HELLO POLAND!

Witaj Polsko! Od kilku dni oswajam się z Polską. I to wcale nie ze względu na temperaturę czy krajobraz, który faktycznie różni się nieco od tego marokańskiego. Ale jest jeszcze coś, co różni te dwa miejsca. Czas… od kiedy wróciłam budzę się bez budzika o godz.7:30. Zawsze z tymi samymi wyrzutami sumienia, że wstaje za późno. Milion spraw i myśli kłębi mi się w głowie. Lista rzeczy do zrobienia z każdą minutą się wydłuża. A tam? Nic nie trzeba, nigdzie
się nie spieszy, jeśli nie dziś to może jutro? Nie mam pojęcia jak to działa, że nikt nie żyje w pośpiechu i stresie a zawsze wszystko załatwić się uda.

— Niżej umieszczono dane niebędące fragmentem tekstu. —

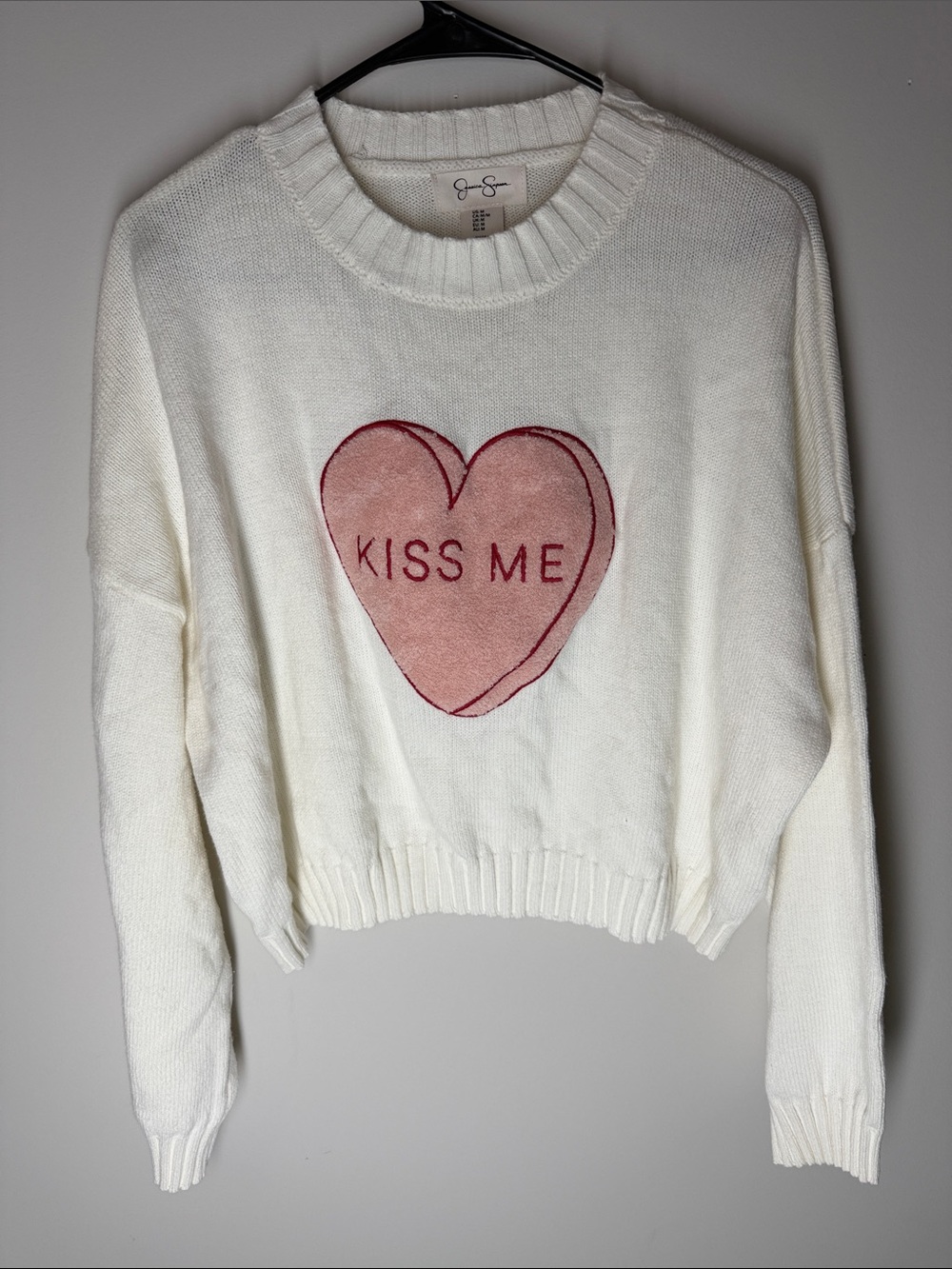 Jessica Simpson Cream Crewneck Sweater with Pink Heart Graphic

Nie tylko z tym się oswajam. Jak wszyscy dobrze wiecie bardzo staram się pilnować zdrowego trybu życia jak tego co jem. Ostatni miesiąc, po wcześniejszych intensywnych przygotowaniach do maratonu, był trochę takim odpoczynkiem, ale też niestety leniuchowaniem. Każdego dopadają czasem gorsze chwile i pozwalamy sobie na takie słabości. Owszem były codziennie świeże owoce

na śniadanie, ale niestety w ciągu dnia prześladowały mnie również wszelkiego typu niezdrowe przekąski. Wyrzuty sumienia były ogromne, ale aż grzech było sobie odmówić np. smażonych w głębokim oleju (o zgrozo!)kalmarów. Już nie wspomnę o tych wszystkich marokańskich słodyczach, czekoladkach i batonikach. Czuje się jak na spowiedzi, że przyznaje się Wam do grzechu. Mam nadzieje, że nie użyjecie tego przeciwko mnie 🙂 Przyznajcie się czy Wam też się zdarza czasami odpuścić i przekąsić coś niezdrowego? Po co ten post? Żeby pokazać Wam, że małe grzeszki jedzeniowe zdarzają się „najlepszym”(czytaj nawet maratończykom 😀 )i każdemu może się  zdarzyć. Ważne aby w porę się wziąć w garść i zacząć bądź kontynuować zdrowe nawyki żywieniowe oraz wszelkie aktywności fizyczne. Ponieważ często piszecie z zapytaniami jak się prawidłowo odżywiać lub jak zdrowo pokonać głód, postaram się Wam w następnym poście przygotować moją listę zdrowych posiłków i przekąsek, które jedząc nie będziecie grzeszyć.